Objective: To investigate effect of curdione on the migration and invasion of human breast cancer HCC1937 cells and its mechanism.Method: HCC1937 cells were cultured in vitro and treated with curdione at various doses (0, 12.5, 25, 50, 100, 200, 400 μmol·L^-1) for 24, 48 h, the cell viability was detected by cell counting kit-8 method. curdione groups (12.5, 25, 50 μmol·L^-1) and blank group were established. The effect of curdione on the adhesion of HCC1937 cells was detected by the cell adhesion assay. The effect of curdione on migration of HCC1937 cells was detected by wound healing assay. The effect of curdione on the migration and invasion of HCC1937 cells were detected by transwell chamber assay. The effect of curdione on regulation of mitogen-activated protein kinase(MAPK)and protein kinase B(Akt)signaling pathways and the protein expressions of matrix metalloproteinases-2 (MMP-2) and matrix metalloproteinases-9 (MMP-9) of HCC1937 cells were detected by the Western blot analysis. Effect of curdione on mRNA expressions of MMP-2 and MMP-9 of HCC1937 cells were detected by Real-time PCR.Result: Compared with the blank group, curdione (12.5, 25, 50 μmol·L^-1) groups had no significant effect on cell viability, but a remarkable effect on cell viability HCC1937 cells, and cell viability was gradually decreased with the increase of the concentration of curdione (P<0.05, P<0.01) in a time and dose-dependent manner. Compared with blank group, curdione groups (12.5, 25, 50 μmol·L^-1) had a significant effect on cell adhesion rate, migration rate and invasion rate of HCC1937 cells (P<0.05, P<0.01).
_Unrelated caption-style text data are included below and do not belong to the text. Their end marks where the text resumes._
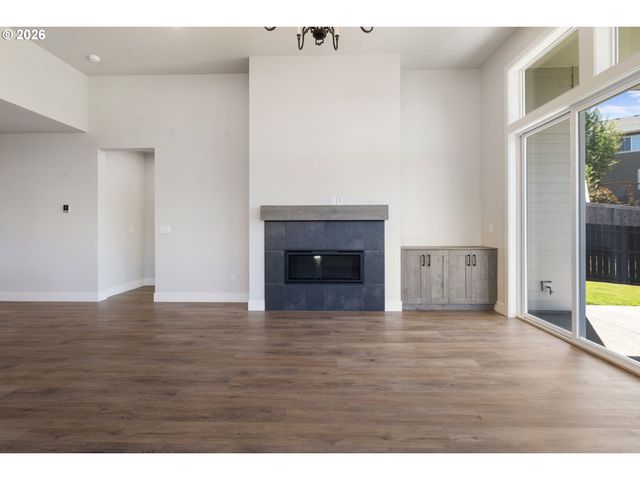 3517 N 11TH Cir, Ridgefield, WA 98642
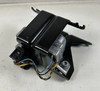 BMW E46 M3 330 325 Z4 YAW TURN RATE SPEED SENSOR 6764018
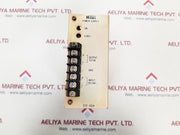 Hinox es5-10em power supply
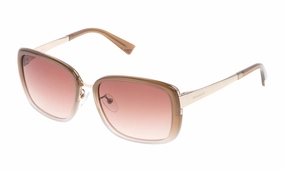 Nina Ricci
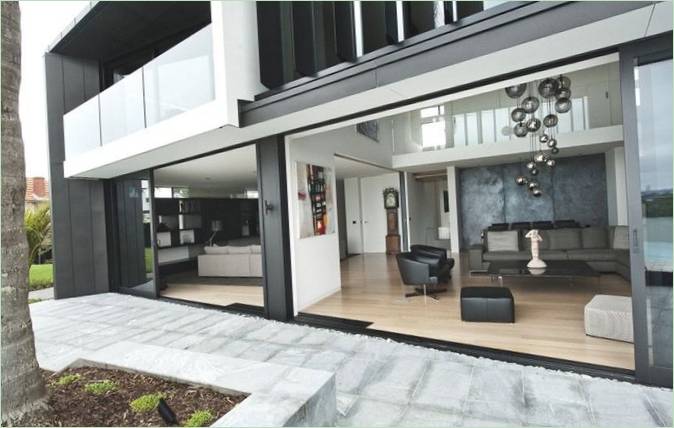 contemporary-interior-design-home-new-zealand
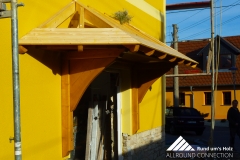 P1000752-1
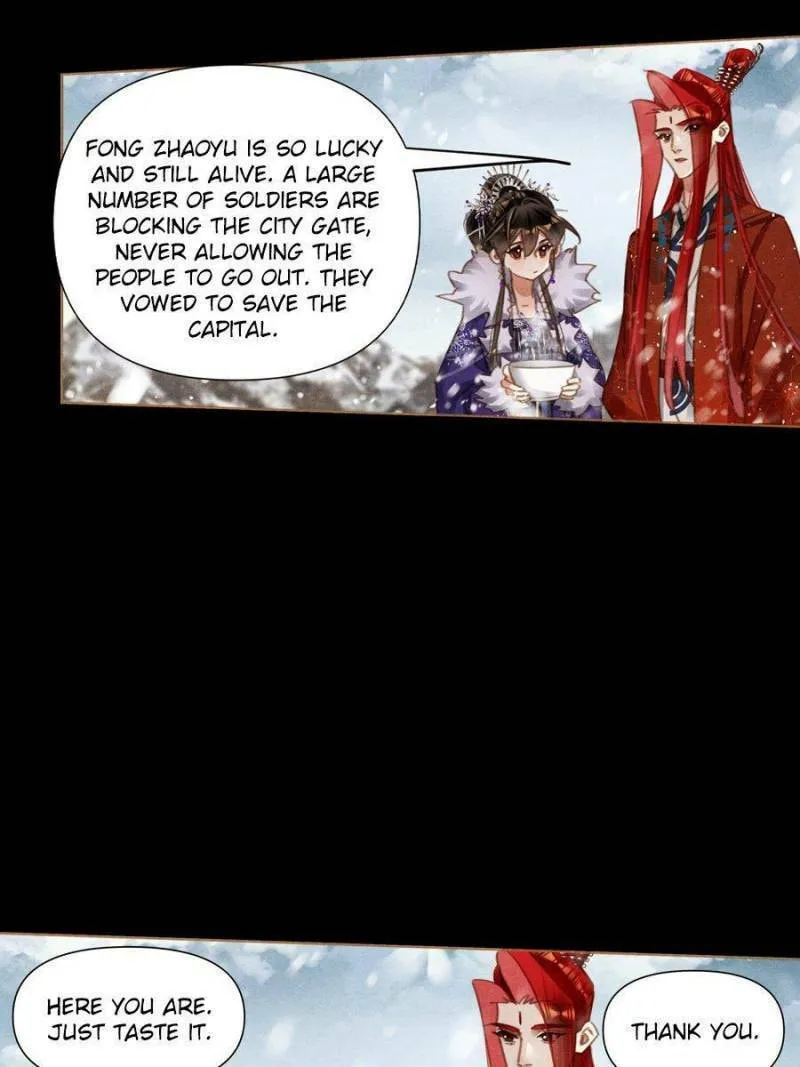Read Divine Doctor (Colored) chapter 575 image 15 on Lezhin
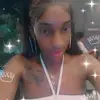 Vanessa Forrest - @vanessa.forrest4 - TikTok
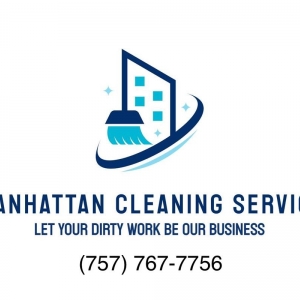 Photo of Manhattan Cleaning Service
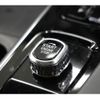 volvo xc60 2022 CFJ1604434 image 10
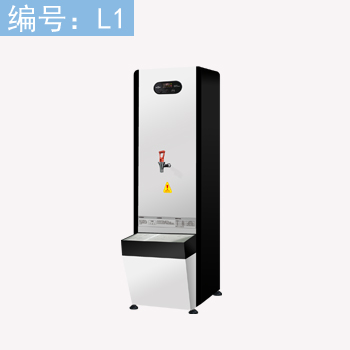 節能開(kāi)水器使用注意事項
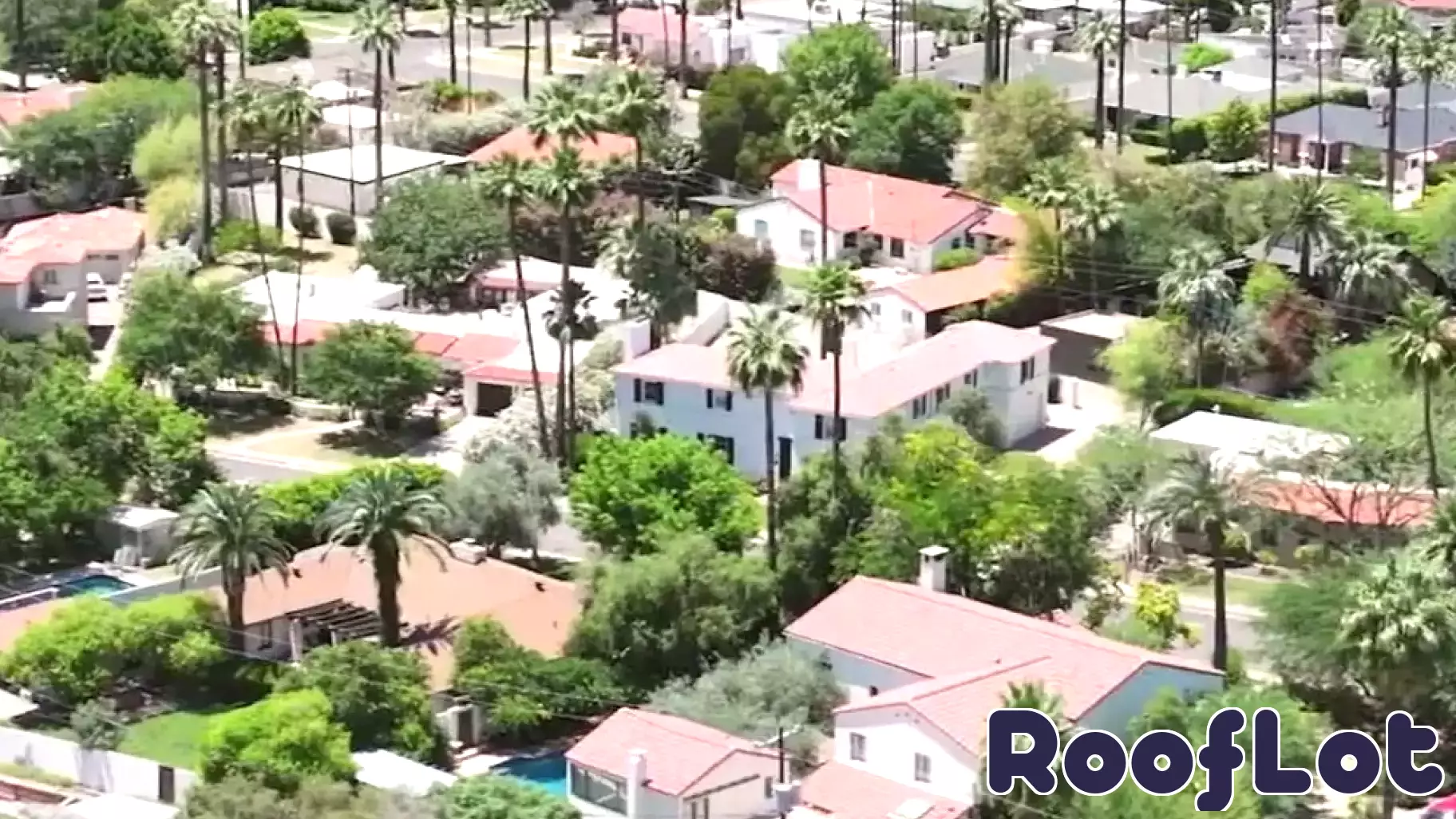 Arizona Real Estate Market Sees Notable Cool Down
Compared with the blank group, curdione groups (12.5, 25, 50 μmol·L^-1) could down-regulate phosphorylation levels of key proteins extracellular regulated protein kinases(ERK), c-Jun N-terminal kinase(JNK), Akt on MAPK and Akt signaling pathways (P<0.01), as well as the protein and mRNA expressions of MMP-2 and MMP-9 of HCC1937 cells.Conclusion: curdione can inhibit the migration and invasion of human breast cancer HCC1937 cells, and the mechanism may be related to down-regulation of phosphorylation levels of key proteins ERK, JNK, Akt on MAPK and Akt signaling pathways, so as to reduce the expressions of MMP2 and MMP-9.